Assumes clusters are isotropic, have similar variance, and are of similar size.
Requires the number of clusters K to be predefined.
What is hierarchical clustering, and how does it differ from K-means?
Hierarchical clustering: Produces a dendrogram showing nested clusters.
No need to predefine the number of clusters.
Time complexity is quadratic, compared to K-means’ linear complexity.
R Implementation:
d <- dist(X) # Compute pairwise distances
hc <- hclust(d, method = “complete”) # Perform clustering
plot(hc) # Plot dendrogram
What is the Rand Index used for?
Measures similarity between two clustering results.
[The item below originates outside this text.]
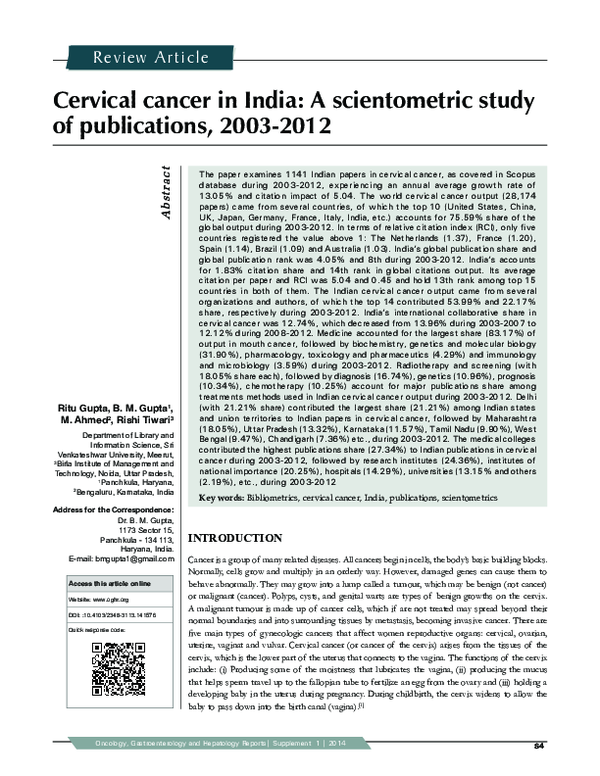 (PDF) Cervical cancer in India: A scientometric study of publications ...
Values range from 0 (no similarity) to 1 (identical clusters).
Example Calculation:
For two partitions of elements {A, B, C, D}, if 3 out of 6 pairs agree:
R = (3 agreements) / (6 total pairs) = 0.5
What is Principal Component Analysis (PCA)?
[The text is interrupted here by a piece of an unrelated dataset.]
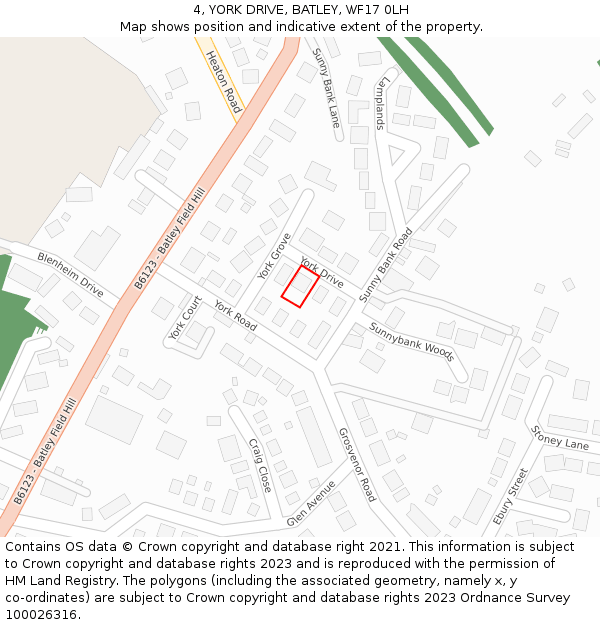 4, YORK DRIVE, BATLEY, WF17 0LH: Location map and indicative extent of plot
A dimensionality reduction technique.
Projects high-dimensional data onto a lower-dimensional subspace.
Retains the maximum variance in fewer dimensions.
How is the first principal component (PC1) defined?
PC1 is the direction that maximizes the variance of the projected data.
It is found by solving:
max Σ ||pᵀ(xᵢ)||² subject to ||w|| = 1
What are the key properties of PCA?
Principal components are orthogonal (uncorrelated).
The first component (PC1) captures the most variance.
PCA planes are nested (PC1 ⊆ PC2 ⊆ …).
How is PCA performed in R?
pca_res <- prcomp(mat, center=TRUE, scale.=TRUE)
summary(pca_res) # View explained variance
biplot(pca_res) # Visualize projection
What is the “scree plot” in PCA?
A plot showing the variance explained by each principal component.
Helps decide how many components to retain (look for the “elbow”).
What are some limitations of PCA, and what are nonlinear alternatives?
Limitations: PCA assumes linear relationships. It may fail when data lies on a curved surface (e.g., parabola).
Alternatives:
Kernel PCA
t-SNE
UMAP
What are the key takeaways from clustering and PCA?
Clustering and PCA are unsupervised learning techniques.
Both are exploratory tools to derive hypotheses.
Results are subjective and require independent validation.